Figure 2 - Carey's Well Open Pits

8. Metallurgy and Processing

Figure 3 - Carey's Well raw kaolinized granite, after auger sampling.

The visible intact lumps are easily broken by hand.

Dry-Processing(No change from Original Scoping Study)

Metallurgical test work has been undertaken historically, and more recently at laboratory and pilot scales, to assess the response of the Carey's Well kaolinized granite to various processing approaches. Dry-process pilot trials completed in the USA have shown approximately 40% yield of kaolin clay at less than 5% contained sand, which is suitable as feed for wet-process refining that has previously been shown to be effective at producing kaolin with low levels of impurities.

The pilot scale testwork done to date has shown consistent results for both wet and dry-processing performance, but this may be because the samples used in this work have come from a restricted area,

in the eastern part of the resource. To address the remote possibility that markedly different pilot scale results would be obtained in the western part of the orebody, work on "variability testing" is desirable. This work can be scheduled for the Definitive Feasibility Study phase after a choice between wet and dry-processing is made during the Pre-Feasibility phase.
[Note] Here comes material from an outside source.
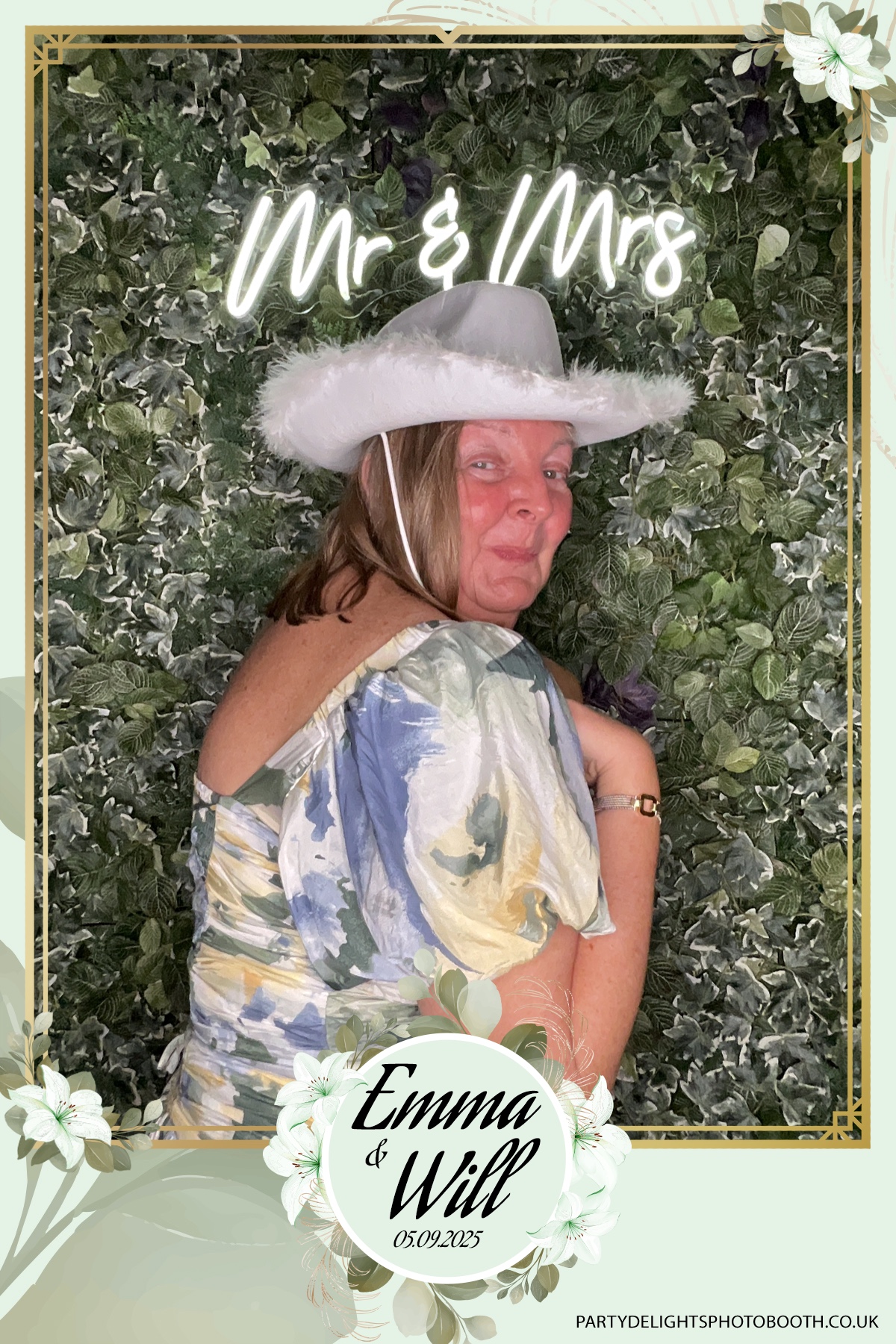 Will & Emma’s Wedding | View more photos from the event at gallery.partydelightsphotobooth.co.uk/u/PartyDelightsPhotoBooth/Will-Emma’s-Wedding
CPC Process Engineering (CPC) were retained to carry out a site process plant design and capital and operating cost estimates. The process design has been developed from the metallurgical testwork to meet the design objective of 500ktpa throughput using the dry processing approach and the plant design includes the following areas:

  • Front end loader feed from the ROM stockpiles
  • A hopper, apron feeder and singe drum toothed oversize breaker
  • Power station heat supply, LPG gas heater, and heat recovery equipment
  • Dryer
  • Classifier
  • Bag house
  • Bagging plant
  • Reject sand handling
  • Product warehouse
  • Road train loading area

Figure 4 - Dry Process Design Flow Sheet

The feeder breaker is sized to match the combined drier capacity, which is nominally 75 tonnes per hour. The dryer/classifier product collection and bagging systems are based on two parallel independent trains of nominally 40 tonnes per hour each. The plant will operate continuously, with an assumed operating time of 8,000 hours per year, for 91.3% utilisation.

For the original Scoping Study, the following fundamentals were adopted for consideration of dry- processing at site:

Metallurgical recovery of kaolin clay

76%

Filter cake kaolin clay grade

97%

Process plant mass yield

39%

Dry plant product solids content

100%

Wet-Processing

Wet-processing has now been evaluated as an option in this Updated Scoping Study with positive results which will be further evaluated in the Pre-Feasibility Study phase.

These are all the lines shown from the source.